Dangerous - Minvera Spencer (Viperina)
Napisane: 27 września 2019, o 09:49
Nowa autorka, nowy cykl, jeszcze niespecjalnie popularne, bo na Goodreads niecały tysiąc ocen. A cykl liczy już trzy książki, czwarta ma wyjść w połowie przyszłego roku.

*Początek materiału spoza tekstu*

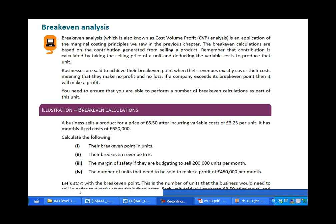Welcome to this online lecture introducing break-even analysis. I'm Gareth. Break-even analysis, also sometimes known as cost volume profit analysis, is an application of marginal costing principles which hopefully you've already encountered in this unit.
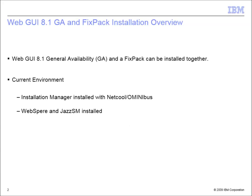For my current environment, I have already installed the Installation Manager and Omnibus, plus WebSphere and JazzSM.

Przyznam, że podeszłam do książki z lekkim sceptycyzmem, bo blurb zapowiadał coś, czego nie lubię, czyli wątki bliskowschodnie i haremową przeszłość bohaterki. Na szczęście obyło się bez tego, czego w romansach nie znoszę, czyli bez fascynacji bohaterami typu szejk, sułtan itd. Wręcz przeciwnie, nasza bohaterka istotnie wylądowała w haremie jako dziewczynka zaledwie czternastoletnia, spędziła w nim siedemnaście lat, urodziła sułtanowi syna, a następnie, po śmierci sułtana, udało jej się uciec. W Oranie pozostał wszelako jej syn, siedemnastoletni Jibrill, zaangażowany aktualnie (czyli na początku dziewiętnastego stulecia) w walkę o tron z przyrodnim bratem. W ekspozycji powieści nasza bohaterka planuje zamążpójście celem powrotu do Oranu, gdzie chce dołączyć do syna, zamążpójście jest jej niezbędne do wyzwolenia się spod władzy ojca, który jest księciem. Książę również chce wydać córkę za mąż, głównie celem uniknięcia skandali związanych z jej niekonwencjonalnym zachowaniem oraz groźbą ujawnienia jej haremowej przeszłości. I tu wkracza na scenę nasz bohater, Adam Courtney markiz Exley, dwukrotny wdowiec podejrzewany przez towarzystwo o zabójstwo dwóch żon i ojciec trzech dorastających córek.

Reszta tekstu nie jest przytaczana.